# I hate my college, classmates and course! I wanted to stop so badly, but I can't!



## IntrovertedLoner (Aug 23, 2014)

I have to post this one because I am tired of everything that is happening here! I wanted to stop studying in college so badly! Everytime I go to school, I am so unhappy and stressed and there's always this feeling on my chest that is heavy and it's like I don't really belong here! :/ My professors here don't like me, my classmates hate me and I don't like my major subjects! Even if I approached my professors, they feel apathetic (no feelings or sympathy) and uninterested towards my problems. My classmates always makes fun of me and I am really tired of it! I wish I could be in a school wherein I am the only student without those annoying b****es and bad people! I mean, why do they have to bully even if I don't do anything towards them?!? I hate this life! Computer Studies students are so insensitive nerds so I don't have any friends in my major subjects (but on the minor subjects I have a few friends since the students in the other courses are much friendlier than the CS students in my opinion)! I'm blaming myself, why did I picked this course since it's not for me and the CS students and professors here just keeps hating me for no reason?! I do have 3 semesters to go, but I'm really losing interest to my studies no matter how hard I try. I am not really good at programming. Yeah, I suck at it (I admit it even though I don't have to)! I prefer to be a web designer, photographer or writer (or any other low paying easy jobs like in the supermarket), and NOT a programmer! I just want to work as an undergraduate student so I can be much happier in my life without those bullies since I know there is a job for introverts like me that hates people! I mean, college is not for everyone and it is definitely not for me... I hate my life! I am tired of living miserably as a college student! Please help me on my situation, because I don't know what to do... I wanted to drop-out so badly! :[ :| I hate being different and being the ONLY INFJ here... Life is so unfair!


----------



## surfer1890 (Dec 16, 2014)

Hey bud, I'm doing CS as well. I'm in my final year with 4 months to go until I am meant to graduate. I'm not very good at programming either and did a job interview recently and was asked to write some java code... It didn't go well. A lecturer told me that I will never get a software developer job... I don't think I will even graduate this summer. Even if I do graduate this summer I won't get the job I want which upsets me, and seems like the last 4 years was a waste... tbh... 
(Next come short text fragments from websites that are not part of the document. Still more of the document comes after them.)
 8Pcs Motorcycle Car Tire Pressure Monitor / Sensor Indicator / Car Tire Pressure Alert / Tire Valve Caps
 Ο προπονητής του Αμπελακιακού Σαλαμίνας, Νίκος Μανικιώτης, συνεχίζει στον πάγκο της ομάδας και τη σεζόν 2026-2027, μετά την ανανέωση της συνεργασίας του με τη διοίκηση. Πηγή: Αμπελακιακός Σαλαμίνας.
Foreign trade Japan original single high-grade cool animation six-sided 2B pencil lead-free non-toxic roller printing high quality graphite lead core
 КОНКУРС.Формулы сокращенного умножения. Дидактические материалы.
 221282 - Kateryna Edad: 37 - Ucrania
Programming is hard, you just have to stick with it. It sucks that people are mean to you. Just ignore them, haters gonna hate and all that. If you really feel you want to drop out, I would get a part time or full time job working in retail, a restaurant or a bar, just so you can earn some money then in your spare time you can learn to be a web designer or do what interests you. And yes life is unfair and loves to beat you down and will keep it down if you let it. We all have problems. Just keep your head up!! It will all be ok!!!


----------



## Peme (Jul 17, 2013)

That really sucks. What a coincidence, I'm an NFJ too and former CS major. It started out okay, but programming eventually started to bore me. I was also very bad at it anyways and too afraid to ask for help. I would spend the entire day trying to do an assignment and not make any progress. I had to quit. Seeing people go on about how easy it is and how anybody can do it feels terrible, lol.
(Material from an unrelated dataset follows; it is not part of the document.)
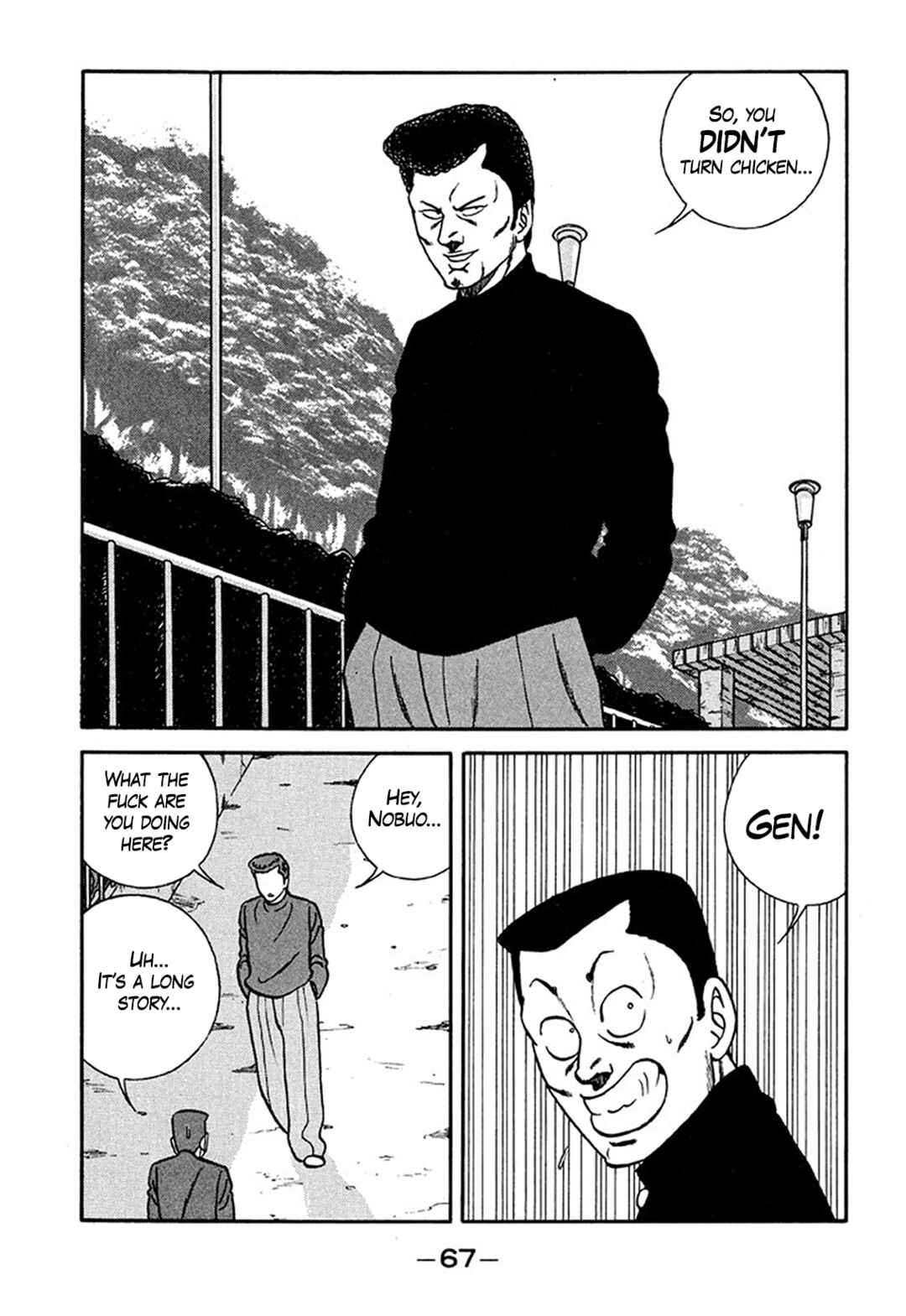Be-bop High School Chapter 207 - Page 21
College has been pretty miserable for me as well. I'm planning on quitting after I get my associates...



IntrovertedLoner said:


> I know there is a job for introverts like me that hates people!


If you find one, please tell me!


----------



## catelyn (May 13, 2012)

Wow, same here. But I'm in IT (same thing eh), freshmen, INTP.
I don't know ANYTHING about programming, the professors aren't all that good or helpful and even if they are, I'm too insecure to actually seek help from them. Many students already know programming very well, which is also a bummer for me... This isn't what I wanted to do with my life. I mean, I don't have such a problem with programming as I do with being really alone and not fitting in. It takes me such a long time to adjust. It'll get better with time (probably idk)...
If I quit uni I'd have to work and I can't do that right now, I'm way too insecure and full of issues meh. I can't study, I can't socialize, can't do anything...
At least you know you're not alone in all of this. I'd suggest you try to endure it somehow if you're like a 3rd-4th year already... The end is near. Dunno what advice to give since I'm the same.


----------



## PureO (Jan 18, 2015)

I totally understand you. I'm also in college, art major and i hate college. My classmates are *******s and I feel excluded all the time. A teacher hates me, and I wish I could just be left alone to do my paintings. That's all I want. But it's pure torture having to go to school. The feeling of having to walk in that classroom filled with horrible people makes me want to cry every waking moment. I am considering to drop out. I don't know what to do.


----------



## acidicwithpanic (May 14, 2014)

I already dropped out of uni. I'm at a community college now and not much has changed in terms of my attitudes toward school. There are so many times where I want to drop everything and leave again, but I'm trying so hard not to. I just feel like there's nothing much to look forward to in life but school and work because that's what my parents made me revolve my life around when I was growing up. I don't even expect to get married to my boyfriend.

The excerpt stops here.